イスラエルがイランを攻撃する目途

2008年7月 5日

 昨夜、イランがEUの提案に応じる姿勢を示したが、それだけで戦争の危機が完全に取り除かれたわけではない。戦争の不安が完全に取り除かれるには、まだまだ幾つもの障害がありそうだ。

 イラン政府はイラン外相の、EU提案受け入れメッセージが届けられた後で、「イランの核開発はあくまでも平和的利用が目的であるから、これまでの方針を変えるつもりはない」と主張している。この考えはアハマド・ネジャド大統領の考えであろうか。

 イランの核開発に対し、最も厳しい見方をしているのは、その核兵器の最初の犠牲者になるであろうイスラエルだが、イスラエルはイランの核開発に関連し、二つのレッド・ラインを設けているということだ。

 第一のレッド・ラインは、イランが核兵器を作るに十分な、ウランの濃縮が出来たときだということだ。

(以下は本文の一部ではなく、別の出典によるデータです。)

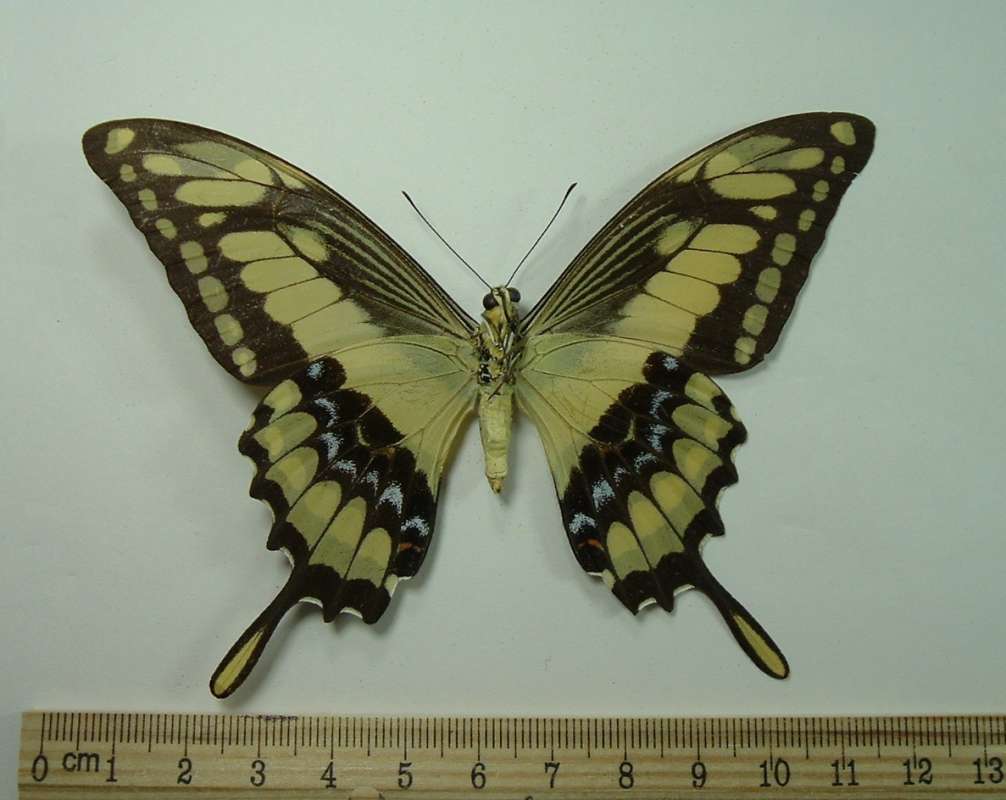 Female - Mounted - Ventral View<br>(Origin of the Specimen: Santa Rem, Brazil)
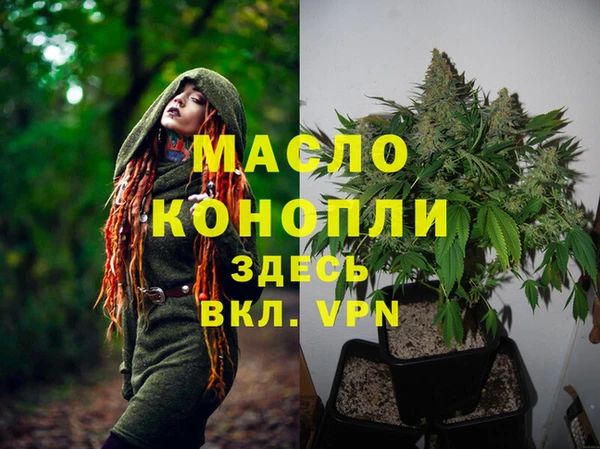 гашик Абдулино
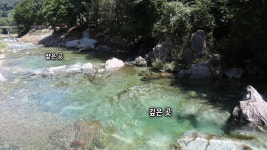 호두나무민박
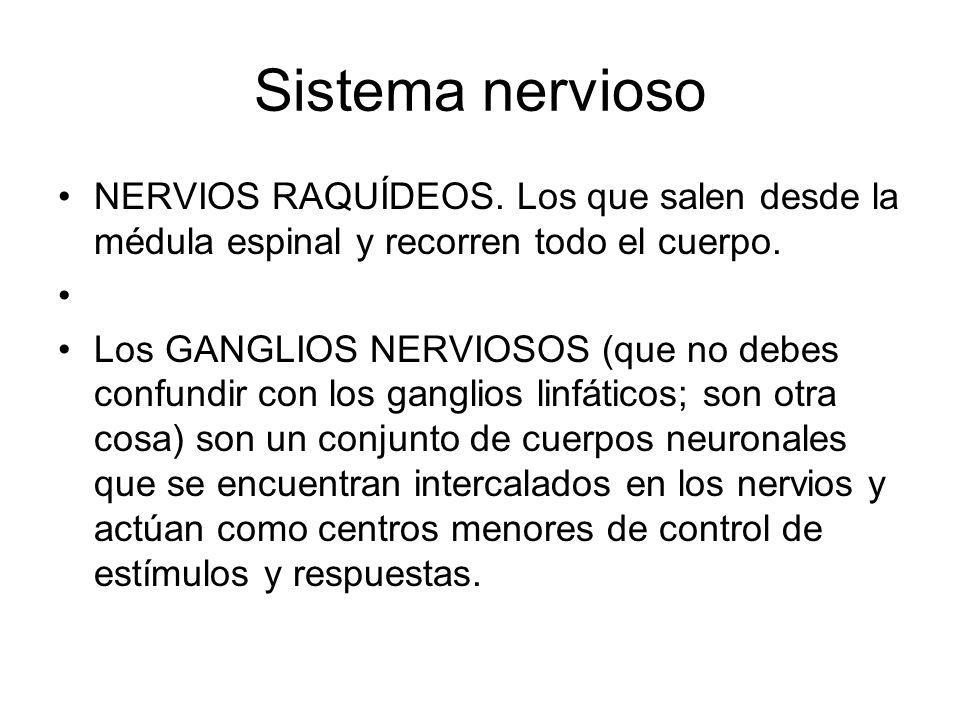 Sistema nervioso NERVIOS RAQUÍDEOS. Los que salen desde la médula espinal y recorren todo el cuerpo.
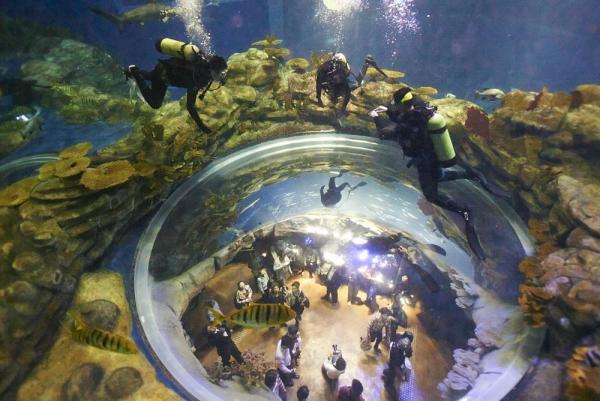 海洋公園潛水體驗 與鯊同游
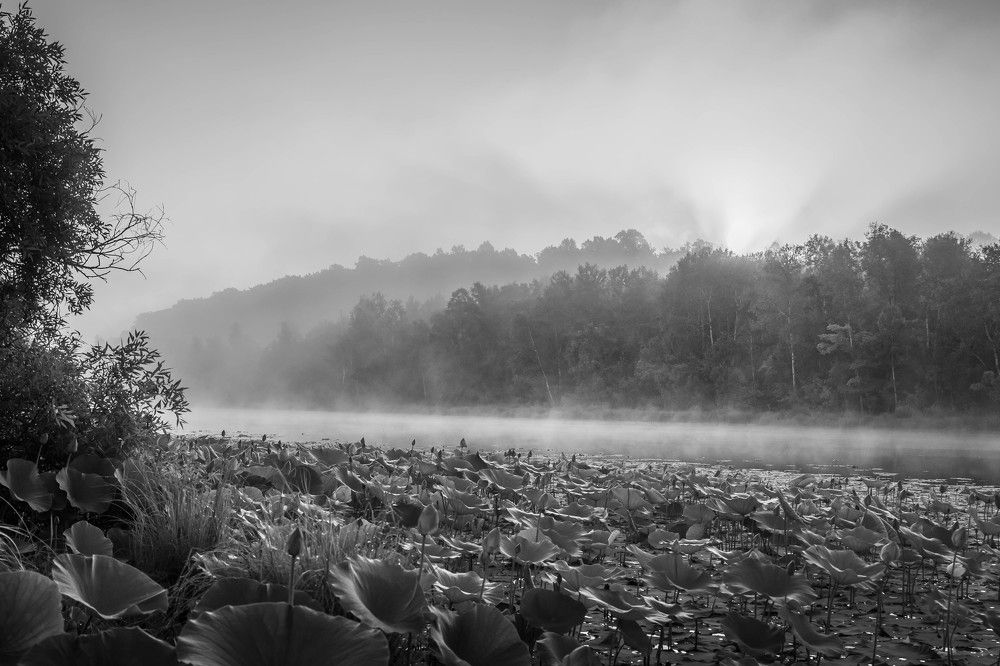 Рассвет над лилиями.
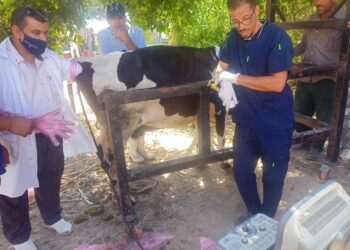 قافلة بيطرية مجانية لعلاج موشى صغار المزارعين في وادى النطرون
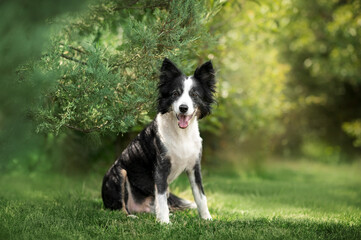 Border collie senior dog sitting under a bush on a green lawn, beautiful portrait in nature
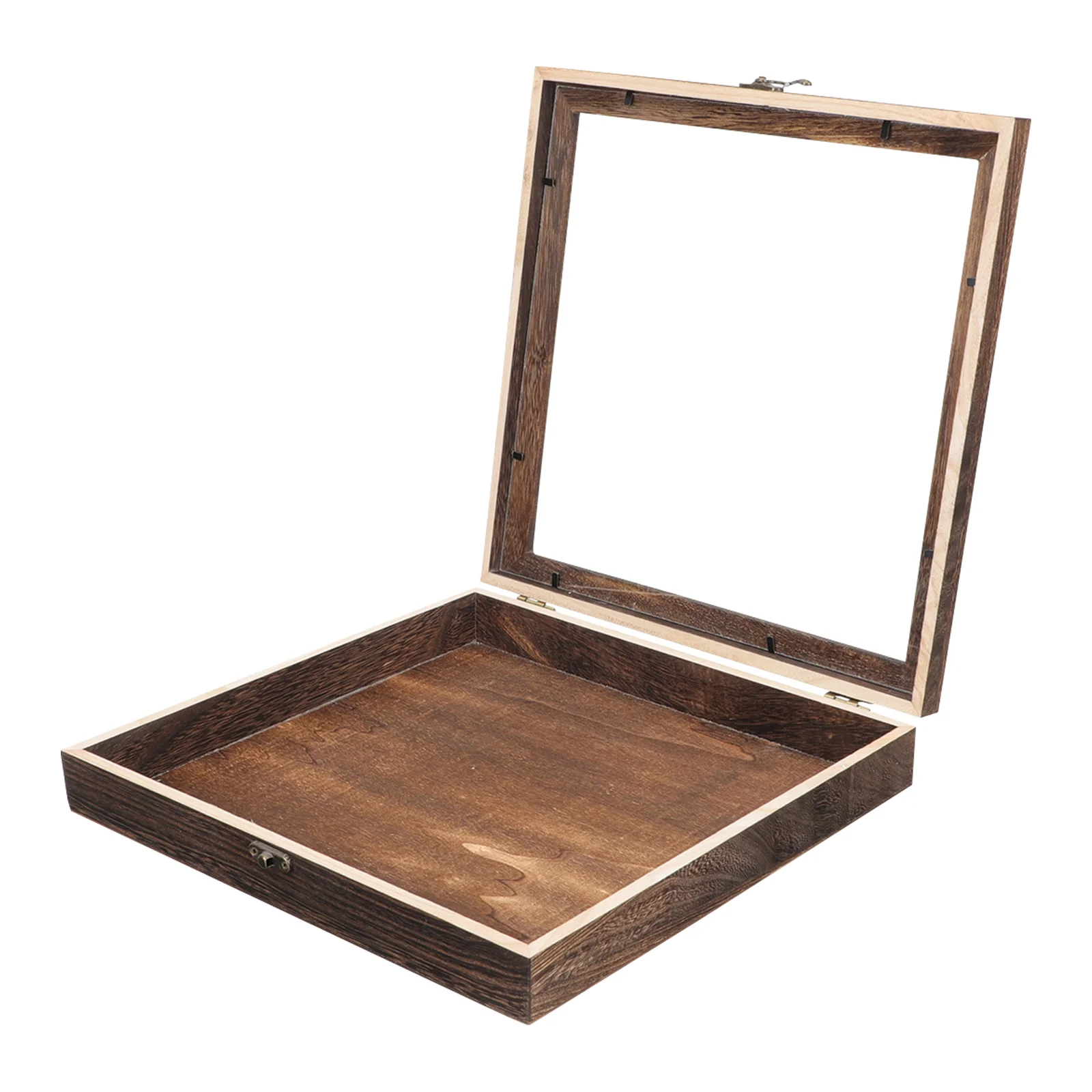 

Insect Display Case Wooden Bug Display Case Box for Specimen Insect Shadow Box Coffee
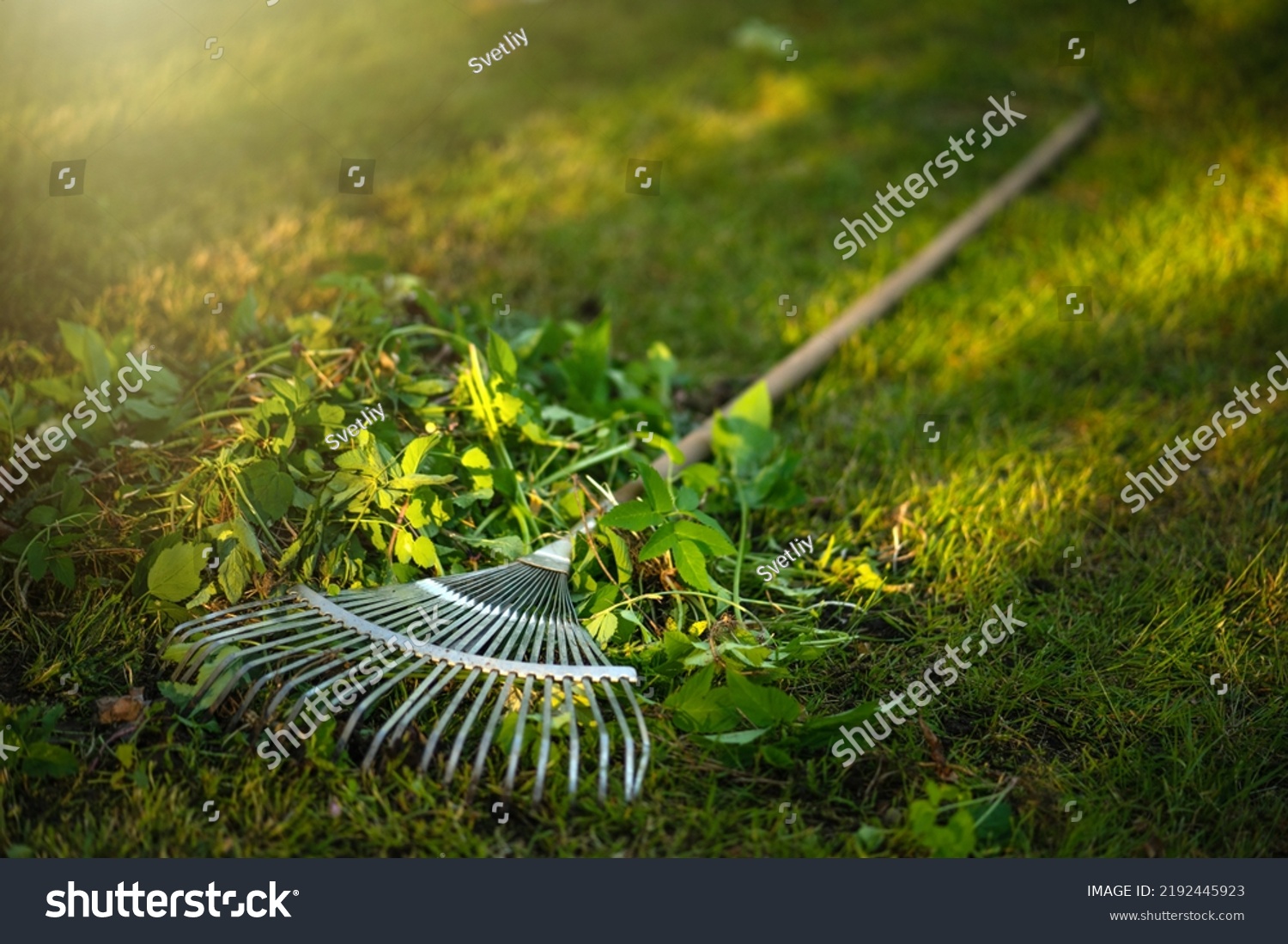 Garden rake for cleaning the territory. Fan rakes lie on the grass in the park. Clean up the garden. #2192445923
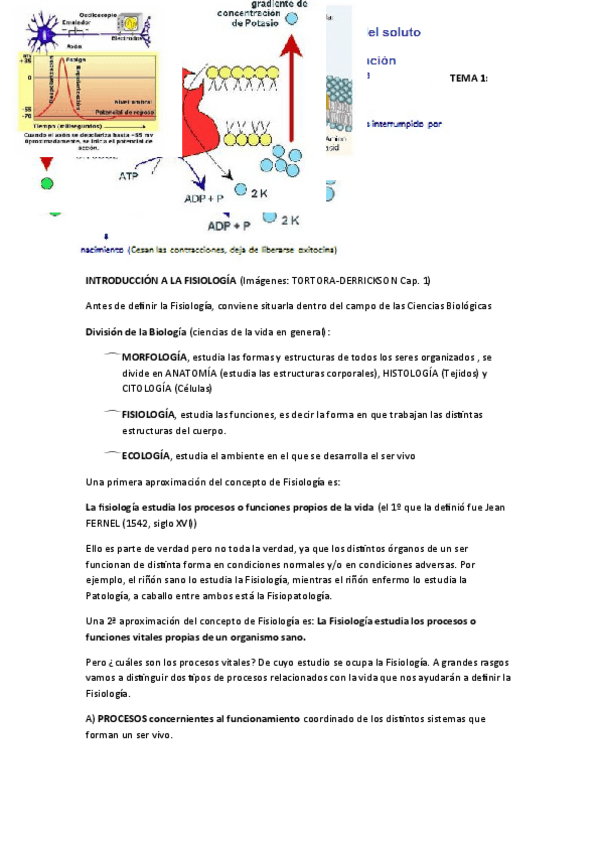 Miniatura del documento PREGUNTAS IMPORTANTES PRIMER PARCIAL.pdf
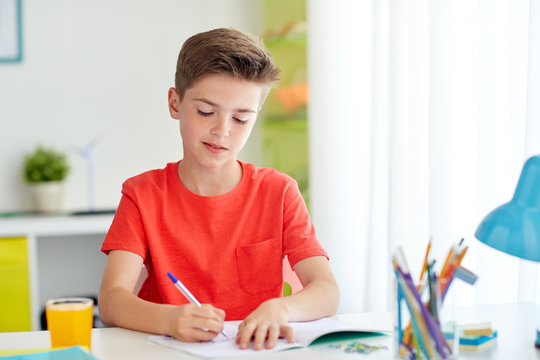 Happy Student Boy Writing To Notebook At Home
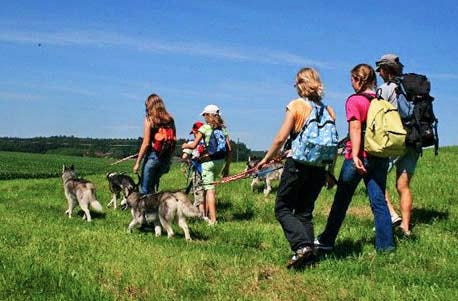 Wandern mit Huskies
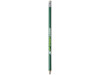 Alegra Bleistift mit farbigem Schaft, grün bedrucken, Art.-Nr. 10709806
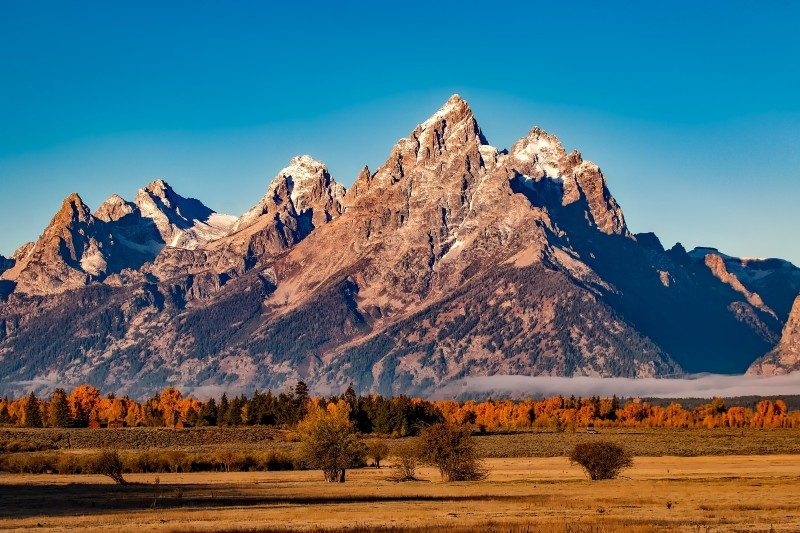 Kariyerini şüpheye borçlu olanlar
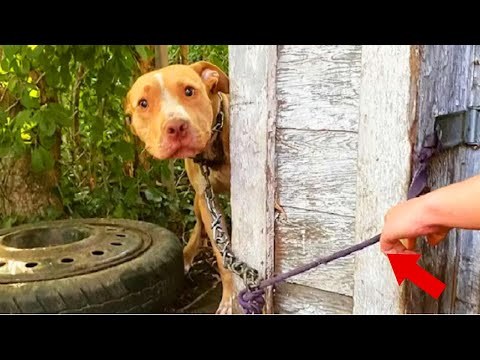 Abandoned Dog Found Chained In Backyard Couldn't Believe That He Is Being Rescued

つまり、それはイランが核兵器を確実に持つ、という目安なのであろう。

 イスラエルが設定していると思われる第二のレッド・ラインは、イランがロシア製の対空ミサイルを手にし、戦闘に備えて配備したときだということだ。

 イスラエルはイランが核兵器製造に、十分な濃縮ウランを手にするのは、今年末か来年ということだが、それまでには攻撃する、と考えているのであろうか。そうであるとすれば、イランは政治家の面子などで、言を左右している余裕は、ないと思うのだが。